Gmina Zabierzów is a rural gmina (administrative district) in Kraków County, Lesser Poland Voivodeship, in southern Poland. Its seat is the village of Zabierzów, which lies approximately 13 km north-west of the regional capital Kraków.

The gmina covers an area of 99.59 km2, and as of 2006 its total population is 22,387.

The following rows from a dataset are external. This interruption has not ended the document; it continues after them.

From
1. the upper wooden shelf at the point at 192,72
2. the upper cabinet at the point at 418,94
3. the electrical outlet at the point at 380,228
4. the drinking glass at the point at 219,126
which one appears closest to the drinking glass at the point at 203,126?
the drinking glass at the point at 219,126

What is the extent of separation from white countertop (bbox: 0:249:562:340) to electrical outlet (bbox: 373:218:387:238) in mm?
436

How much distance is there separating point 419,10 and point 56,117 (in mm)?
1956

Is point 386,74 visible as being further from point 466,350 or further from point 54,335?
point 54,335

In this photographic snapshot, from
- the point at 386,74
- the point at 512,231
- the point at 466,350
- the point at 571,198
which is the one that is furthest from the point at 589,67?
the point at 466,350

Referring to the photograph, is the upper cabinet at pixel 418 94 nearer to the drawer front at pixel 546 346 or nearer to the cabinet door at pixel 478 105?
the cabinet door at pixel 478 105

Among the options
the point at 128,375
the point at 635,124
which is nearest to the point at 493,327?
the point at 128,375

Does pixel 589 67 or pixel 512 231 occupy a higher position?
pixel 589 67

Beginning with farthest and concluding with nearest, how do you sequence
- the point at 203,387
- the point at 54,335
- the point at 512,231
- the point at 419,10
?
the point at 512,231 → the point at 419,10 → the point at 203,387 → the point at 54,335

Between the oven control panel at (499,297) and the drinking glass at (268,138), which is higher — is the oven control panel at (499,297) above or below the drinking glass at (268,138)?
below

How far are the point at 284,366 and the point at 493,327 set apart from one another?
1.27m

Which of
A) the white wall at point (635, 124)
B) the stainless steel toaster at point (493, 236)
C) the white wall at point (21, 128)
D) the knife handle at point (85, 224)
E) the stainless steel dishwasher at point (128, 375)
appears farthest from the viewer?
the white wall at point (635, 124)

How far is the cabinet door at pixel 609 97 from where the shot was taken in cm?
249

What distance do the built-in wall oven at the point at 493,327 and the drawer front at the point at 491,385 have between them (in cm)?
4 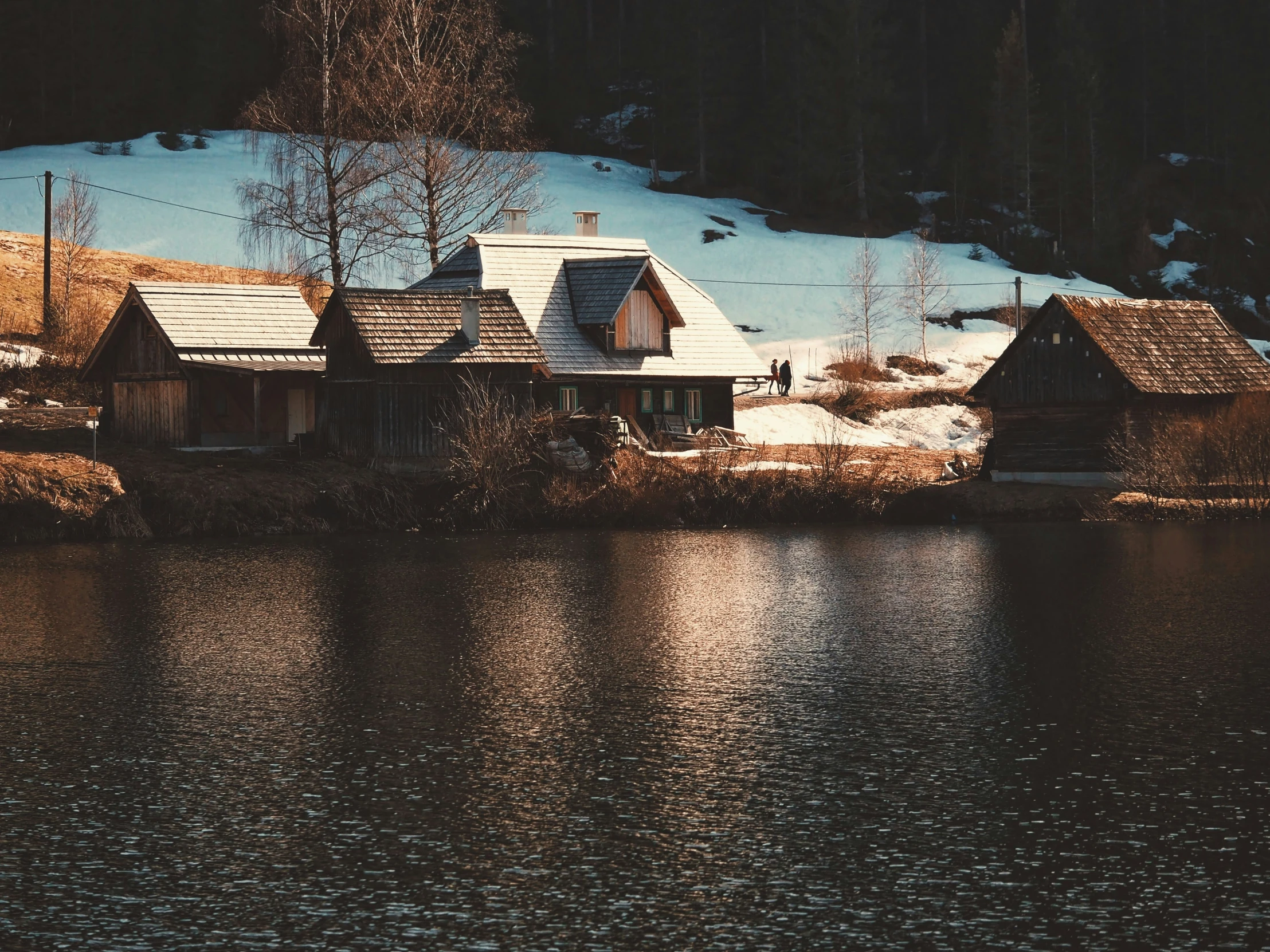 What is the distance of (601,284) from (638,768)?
120ft

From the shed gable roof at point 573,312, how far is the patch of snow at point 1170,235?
46.1 metres

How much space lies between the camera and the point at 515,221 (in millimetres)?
53594

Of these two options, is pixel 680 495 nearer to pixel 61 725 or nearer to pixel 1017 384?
pixel 1017 384

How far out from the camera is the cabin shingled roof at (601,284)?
47750 mm

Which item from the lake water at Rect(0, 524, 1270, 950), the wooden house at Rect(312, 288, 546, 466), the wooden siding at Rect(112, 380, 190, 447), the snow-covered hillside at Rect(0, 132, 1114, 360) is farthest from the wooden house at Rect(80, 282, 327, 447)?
the snow-covered hillside at Rect(0, 132, 1114, 360)

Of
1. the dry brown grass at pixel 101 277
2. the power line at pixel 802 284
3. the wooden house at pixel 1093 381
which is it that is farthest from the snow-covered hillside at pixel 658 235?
the wooden house at pixel 1093 381

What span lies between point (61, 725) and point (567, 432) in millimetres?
26402

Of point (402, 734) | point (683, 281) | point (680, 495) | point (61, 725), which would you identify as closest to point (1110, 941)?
point (402, 734)

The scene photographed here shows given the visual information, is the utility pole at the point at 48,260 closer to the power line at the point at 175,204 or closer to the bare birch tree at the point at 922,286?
the power line at the point at 175,204

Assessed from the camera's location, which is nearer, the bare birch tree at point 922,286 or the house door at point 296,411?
the house door at point 296,411

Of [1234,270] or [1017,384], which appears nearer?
[1017,384]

The gmina contains part of the protected area called Kraków Valleys Landscape Park.

==Villages==
Gmina Zabierzów contains the villages and settlements of Aleksandrowice, Balice, Bolechowice, Brzezie, Brzezinka, Brzoskwinia, Burów, Karniowice, Kleszczów, Kobylany, Kochanów, Młynka, Niegoszowice, Nielepice, Pisary, Radwanowice, Rudawa, Rząska, Szczyglice, Ujazd, Więckowice, Zabierzów and Zelków.

==Neighbouring gminas==
Gmina Zabierzów is bordered by the city of Kraków and by the gminas of Jerzmanowice-Przeginia, Krzeszowice, Liszki and Wielka Wieś.

==Coat of arms==
Blazon: a Modern French shield per pale gules and azure, on the first a griffon segreant argent armed, beaked and langued Or, on the second a human figure fully armoured argent holding a heater shield gules charged with two labels Or of three points arranged in pale.